Politics

The person who should be really worried about Corbyn's Brexit ambiguity? Jeremy Corbyn

The time for triangulation is over. If Corbyn wants to keep his reputation as a nearly uniquely honest broker, it's time to follow the membership and take a position

January 17, 2019
Jeremy Corbyn, Labour Party leaders during a speech ahead of the June 2016 referendum. Photo: PA
Jeremy Corbyn, Labour Party leaders during a speech ahead of the June 2016 referendum. Photo: PA

Theresa May put her worst day behind her pretty quickly. Being thumped by a margin of 230 votes would cause most of us to have no confidence in ourselves, never mind asking anyone else to. But by immediately winning a confidence vote the next day May has had a chance—briefly—to change the narrative.

While Labour was right to call that vote (they really had no choice) the pre-briefing of it being just the first of many seems to have fallen flat as all the other opposition parties have refused to countenance it. And Labour may be less keen than their initial bravado suggested to give May repeated and possibly ever more comfortable wins. What may have seemed like a clever strategy to avoid giving Labour members what they desperately desire—i.e. Labour support for a People’s Vote—was quickly exposed as giving Tories exactly what they wanted instead.

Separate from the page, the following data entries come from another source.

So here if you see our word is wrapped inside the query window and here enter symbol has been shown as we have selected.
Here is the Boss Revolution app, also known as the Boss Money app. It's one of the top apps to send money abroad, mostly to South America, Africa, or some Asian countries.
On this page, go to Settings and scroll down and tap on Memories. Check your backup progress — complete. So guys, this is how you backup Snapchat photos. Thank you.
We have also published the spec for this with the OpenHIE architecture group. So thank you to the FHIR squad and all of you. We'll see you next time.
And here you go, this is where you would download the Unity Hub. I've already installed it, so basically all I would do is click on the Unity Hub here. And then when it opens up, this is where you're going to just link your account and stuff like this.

Immediately after the vote, Theresa May went on the TV to bemoan the fact that Jeremy Corbyn refuses to hold talks with her until she takes “no deal” off the table. On that point, many of Twitter’s #FBPE crowd agreed with May, rounding on Corbyn for not working with May to agree a deal. (A deal that—let’s face it—the hashtag crowd would reject out of hand anyway; there is no deal that is as good as staying in if you’re an ardent enough Remainer to use a hashtag as part of your identity.)

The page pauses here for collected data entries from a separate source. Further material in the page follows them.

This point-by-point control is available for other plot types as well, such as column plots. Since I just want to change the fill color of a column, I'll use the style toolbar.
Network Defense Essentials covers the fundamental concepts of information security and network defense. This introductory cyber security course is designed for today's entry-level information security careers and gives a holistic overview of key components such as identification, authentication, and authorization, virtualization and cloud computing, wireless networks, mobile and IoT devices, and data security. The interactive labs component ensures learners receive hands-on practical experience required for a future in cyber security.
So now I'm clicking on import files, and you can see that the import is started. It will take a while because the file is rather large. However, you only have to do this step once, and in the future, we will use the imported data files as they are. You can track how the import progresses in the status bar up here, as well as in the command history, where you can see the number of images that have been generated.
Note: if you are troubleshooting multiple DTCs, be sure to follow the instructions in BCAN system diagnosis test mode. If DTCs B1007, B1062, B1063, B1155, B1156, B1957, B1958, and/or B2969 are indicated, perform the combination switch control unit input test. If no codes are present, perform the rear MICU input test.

Corbyn must feel damned if he does and damned if he doesn’t. He makes a decisive statement against “no deal” and is still getting it in the neck from Remainers. What more do they want?

The truth is, they want a lot more. And many of them are members of his party, and loyal Corbyn-supporting ones at that. They understand—perhaps more than Corbyn does, or at least lets on—that “no deal” is not something that can really come off the table until either a deal is agreed or Article 50 is revoked or extended. “No deal” is the terrifying default towards which the UK is careening. It can stopped only by someone taking action—not by Labour taking their ball home.

If that action is led by someone other than Corbyn he gets all the ambiguity and none of the credit. The PM is trying to paint Corbyn as to blame when she inevitably returns with a Brexit deal that goes down just as badly as the last one. Any imaginable tweaks the EU might be willing to make will seem like very weak beer for hard Brexiteers. She has already ruled our changes that might make it more palatable to soft Remainers. She knows this, and that’s why, this time, she’s trying to share the blame.

But I can’t see who this argument, at this time, delivered by this messenger, works for. Those who already hold Corbyn responsible for inaction didn’t need moving on that point, and those that don’t won’t be persuaded to do so by May. It just makes both sides look like the petulant children the public believe politicians are at heart.

However, if not holding talks becomes yet another delaying tactic in the Labour leadership talking to the Party about what they want Labour’s next steps should be, that could spell danger for Corbyn. If he is seen as gameplaying and hiding behind stalled negotiations he loses his reputation in the party as an almost uniquely honest broker. That way disappointment and disillusionment lie.

Corbyn has humiliated the government this week, but winning the vote of no confidence gave May back some momentum. What she can do with it is a different matter. By imperiously shutting down options such as a customs union, May seems to have learned nothing about the art of negotiation (though her Cabinet seem less clear on this point). Little surprise then that the deal she has, and the way she has sold it, have been such a failure.

Labour need to move swiftly and decisively to own this moment. Corbyn should be at the head of that movement. First by listening to his party and then by acting on what it says. Every day Labour’s leadership stalls on this is a day they become further adrift from the passionate will of their members.

Labour failed to convince Parliament that they are an alternative government in waiting. That’s not a surprise in the most partisan place in the country. They were never going to have the numbers. They now need to take that argument to the Party and the country. They can’t do that by sitting back and waiting for May to fail. Ambiguity is over.